Extracted entries Block Start

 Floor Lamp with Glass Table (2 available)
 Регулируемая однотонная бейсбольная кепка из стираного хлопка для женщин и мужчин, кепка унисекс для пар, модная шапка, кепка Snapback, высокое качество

Extracted entries Block End
Extracted entries Block Start

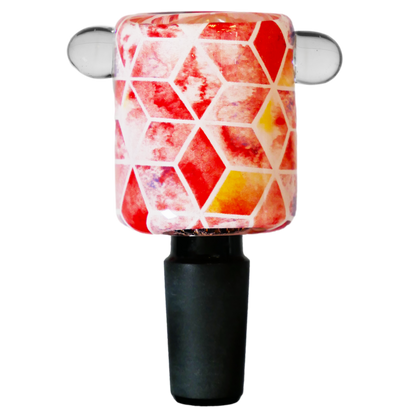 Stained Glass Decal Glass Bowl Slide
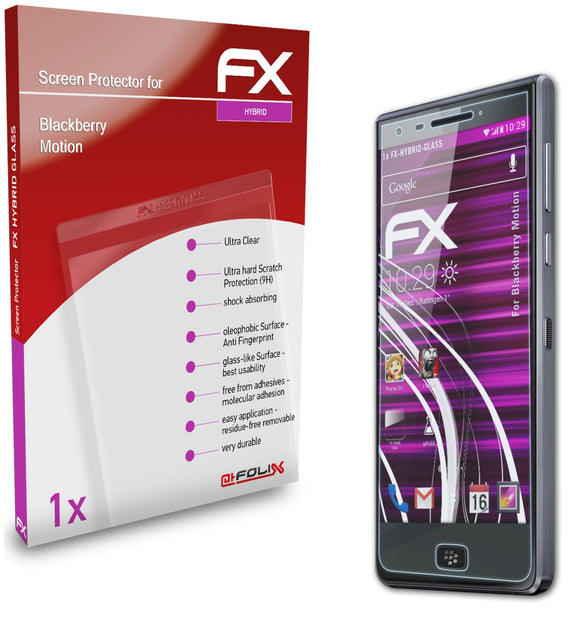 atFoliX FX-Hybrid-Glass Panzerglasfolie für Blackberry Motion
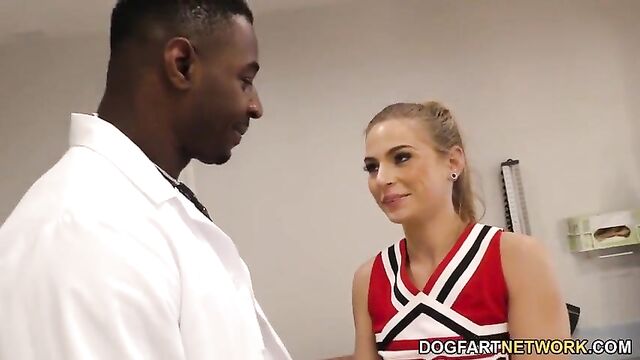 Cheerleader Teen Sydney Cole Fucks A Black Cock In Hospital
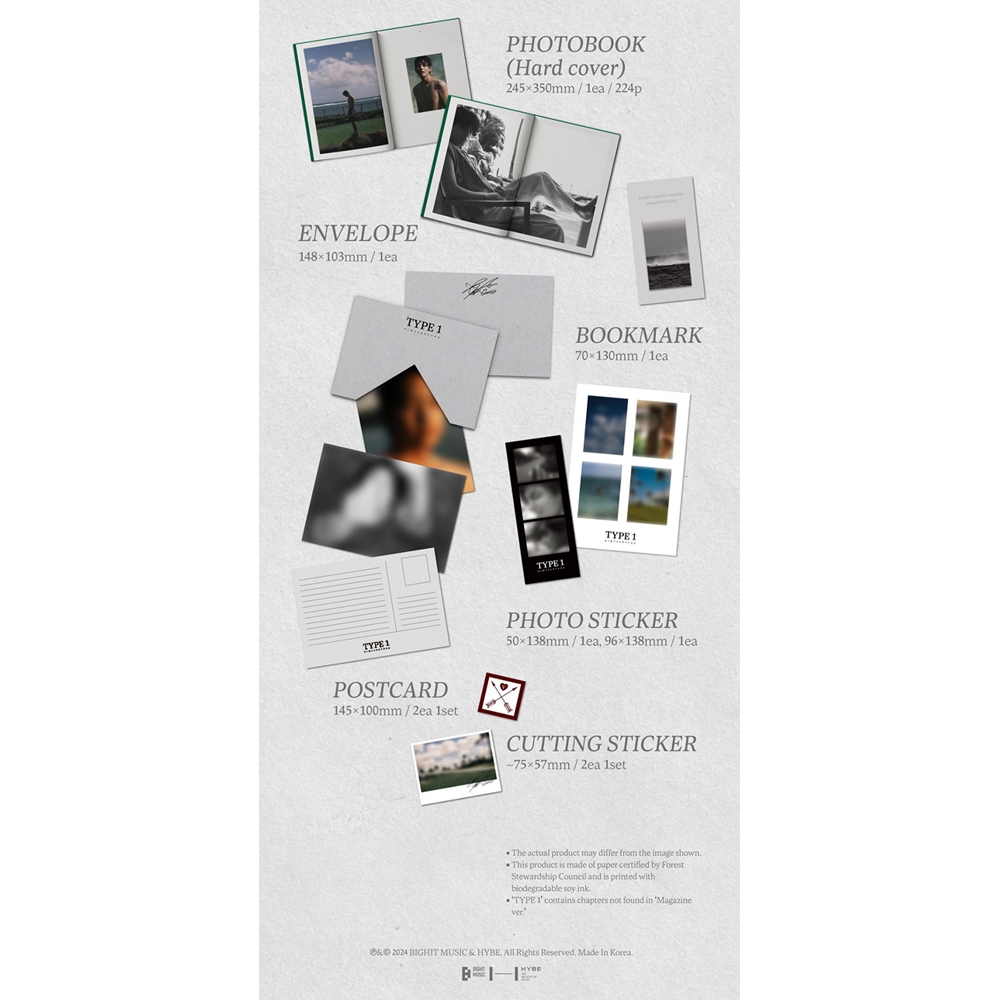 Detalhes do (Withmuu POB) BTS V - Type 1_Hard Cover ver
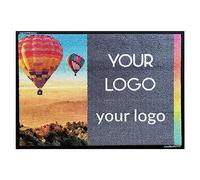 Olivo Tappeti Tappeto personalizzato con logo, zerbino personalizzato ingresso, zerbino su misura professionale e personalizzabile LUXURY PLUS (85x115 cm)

Extracted entries Block End

### What you have to do
Transcribe the listing above exactly, but only from the line with "Detalhes do (Withmuu" through the line with "Olivo Tappeti Tappeto". Include both of those lines and omit the pictures.

### Task output
 Detalhes do (Withmuu POB) BTS V - Type 1_Hard Cover ver
 Olivo Tappeti Tappeto personalizzato con logo, zerbino personalizzato ingresso, zerbino su misura professionale e personalizzabile LUXURY PLUS (85x115 cm)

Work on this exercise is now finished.